Review of The Mist

The Mist (2007)
7/10
Entertaining, yet rather troubling re-imagining of NOTLD and DAWN
6 April 2014
Warning: Spoilers
Frank Darabont, the director of SHAWSHANK REDEMPTION and THE GREEN MILE, once again adapts a Stephen King story and somehow manages to create an entertaining little jump-shocker, despite the story being little more than a rewrite of NIGHT OF THE LIVING DEAD... right down to a horrifyingly downbeat ending. Disappointingly, this films ending lacks the pitch black social criticism of Romero's ending, wherein - of course - the "establishment" rescuers ended up killing the films heroic survivor. Instead, in this version, the rescuers are merely too late to stop our hero from doing something horrific, yet they are seemingly quite successfully at saving many others. Thus, in the end, the "moral" of THE MIST seems to simply be about the power of fear to make us behave toward each other in terrible ways. Sure, there's an important message there, but it lacks the political bite of the message in the film that it borrows from, thus making it feel inferior. And by substituting creatures-from-another-dimension for zombies, the film also loses an additional, dread-inspiring, man-against-himself element.

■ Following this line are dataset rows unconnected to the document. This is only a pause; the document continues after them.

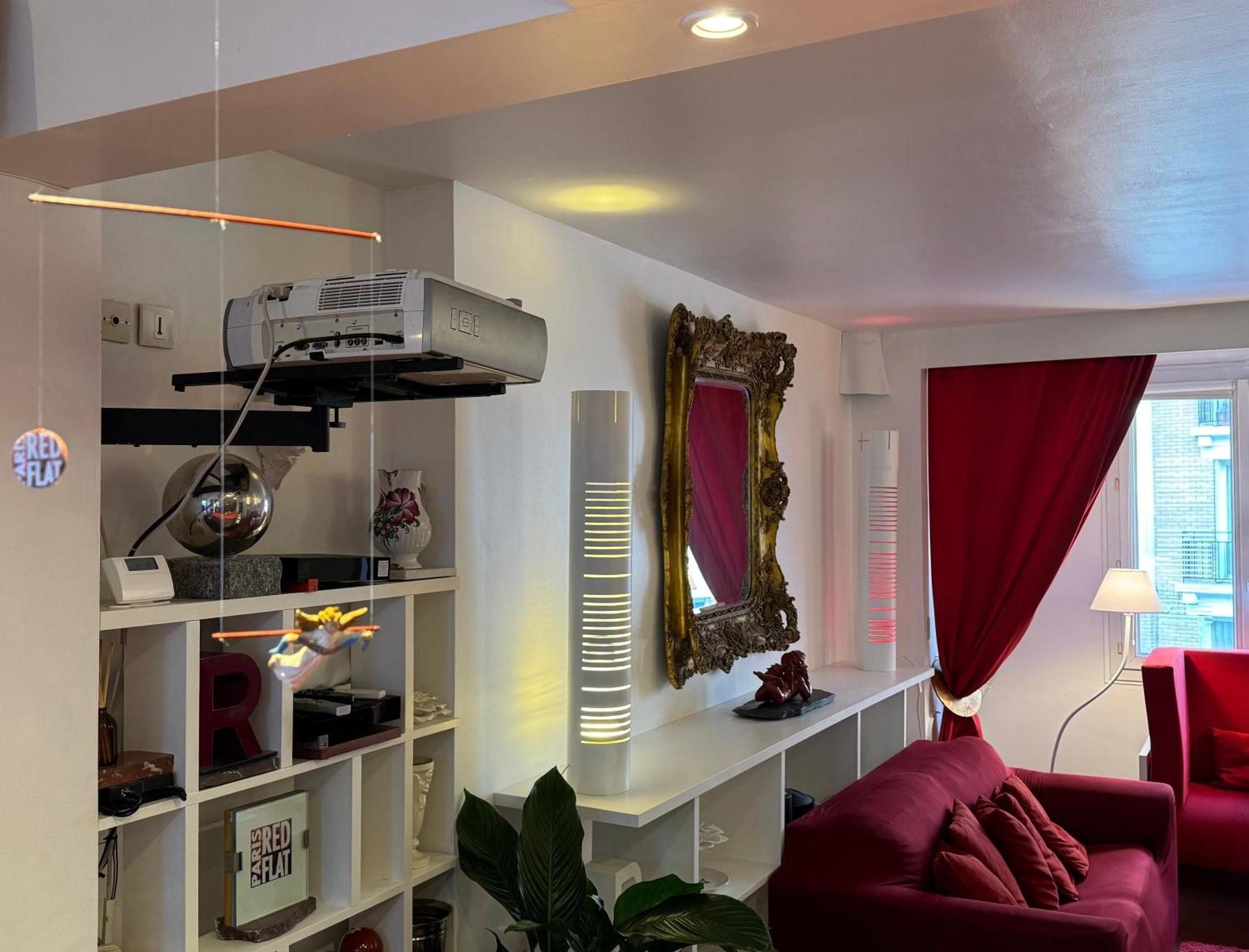 Apartmán Red Flat Paříž Exteriér fotografie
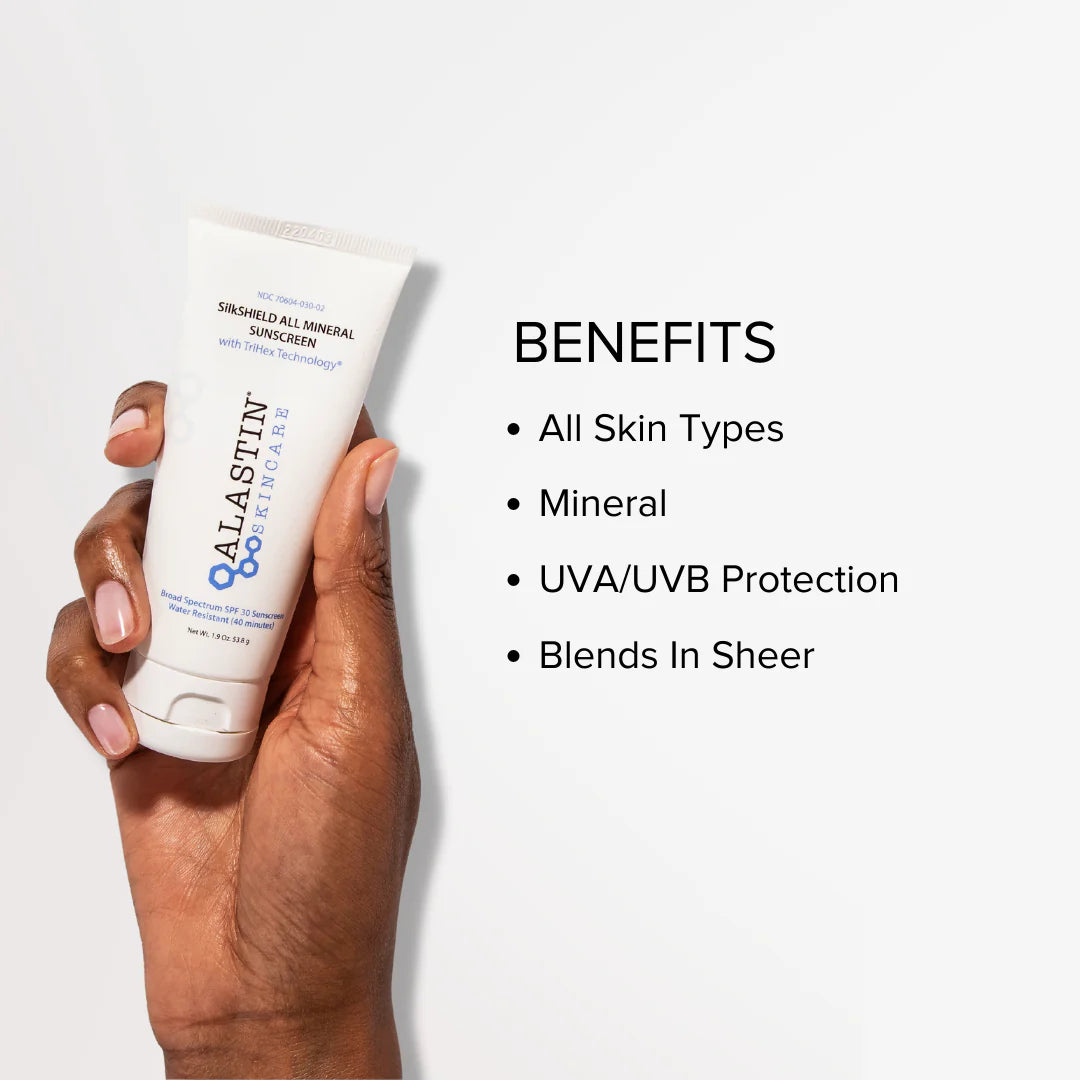 Alastin Skincare SilkSHIELD All-Mineral Sunscreen SPF 30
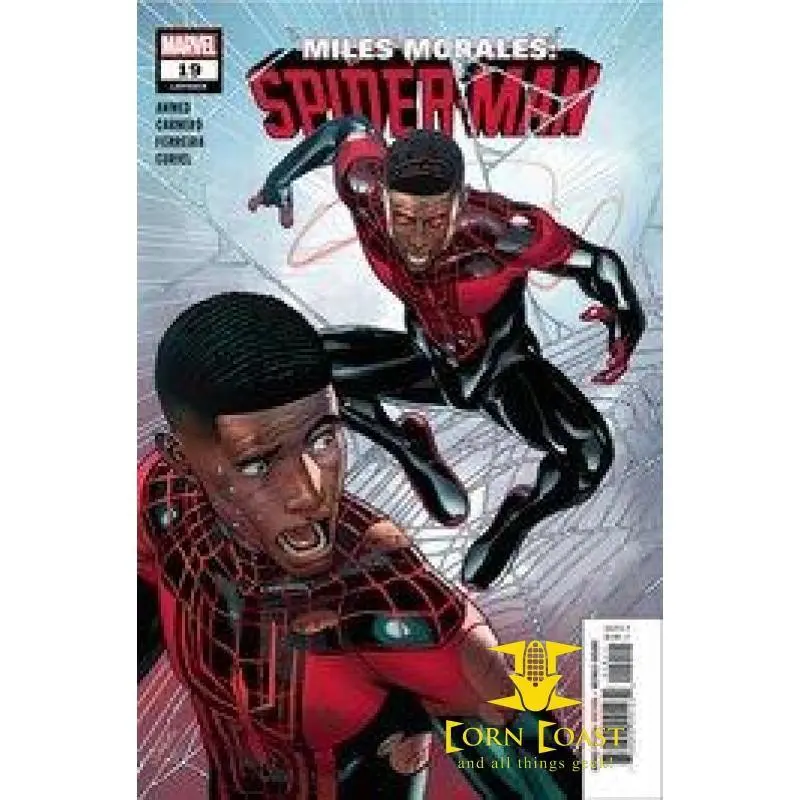 Miles Morales Spider-Man #19 Out 1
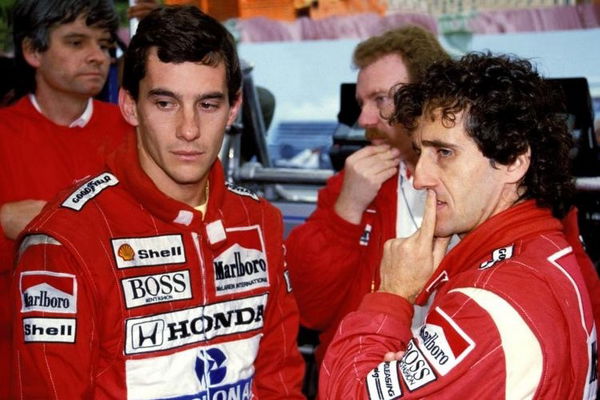 Alain Prost on Ayrton Senna: “Between Us, We Can Screw All the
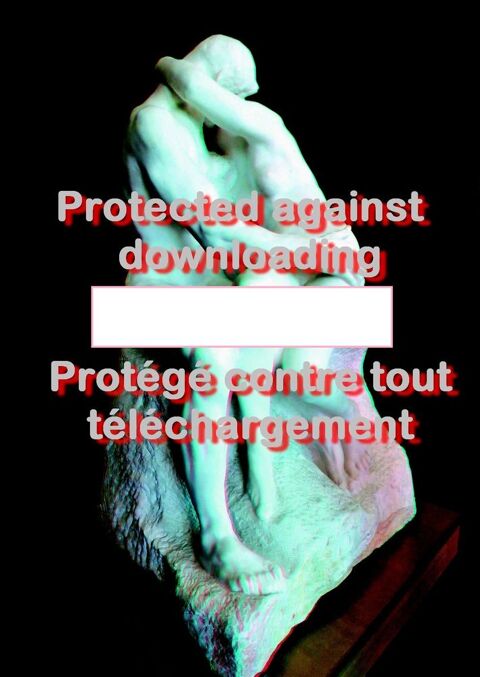 Le Baiser de Rodin en poster 3D 69 Nanterre (92)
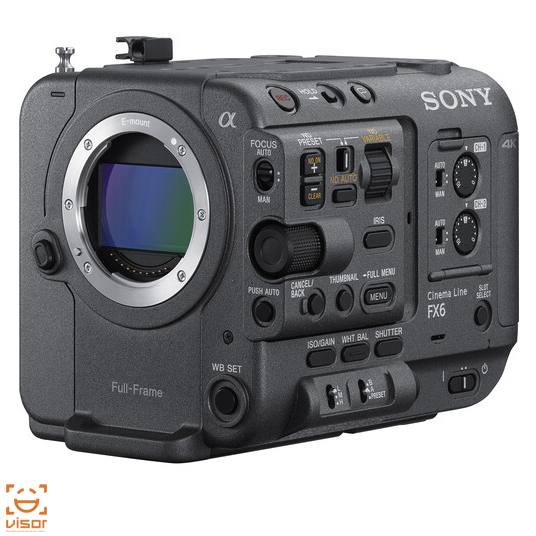 دوربین سینمایی سونی SONY FX6 FULL-FRAME CINEMA CAMERA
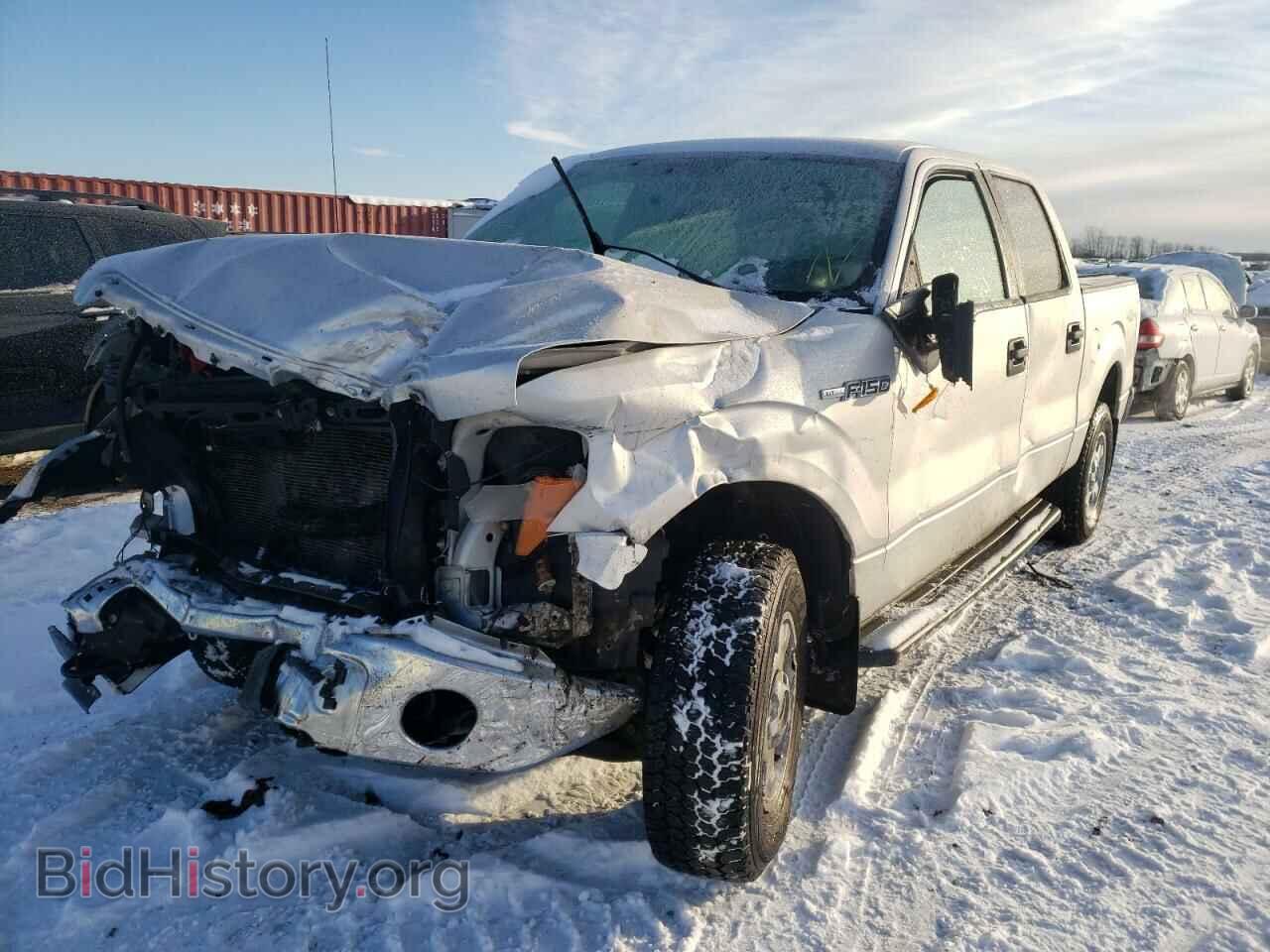 2012 FORD F150 - VIN: 1FTFW1EF5CKD80165 - Фото 2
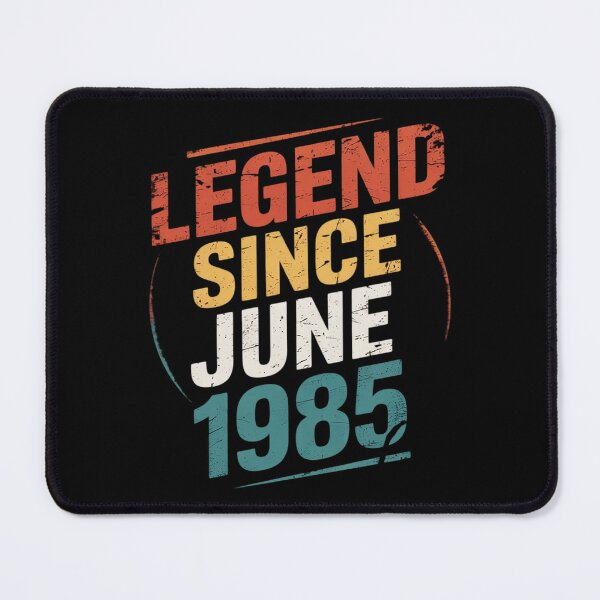 Item preview, Legend Since June 1985 40th Birthday 40 Year Old Men Women  designed and sold by KonstanKoraner.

But enough with comparisons to NOTLD, you say? OK, but there's also this... by setting the story in a supermarket, King has also borrowed significantly from another Romero film, DAWN OF THE DEAD. And sadly, it does so without including any equivalent to DAWN's darkly comic social critique. In short, THE MIST can't help but be compared to these other films, and these comparisons can only leave it lacking. Though I enjoyed THE MIST, and would certainly watch it again, I very much wish King had found a more fully original structure to hang his story on.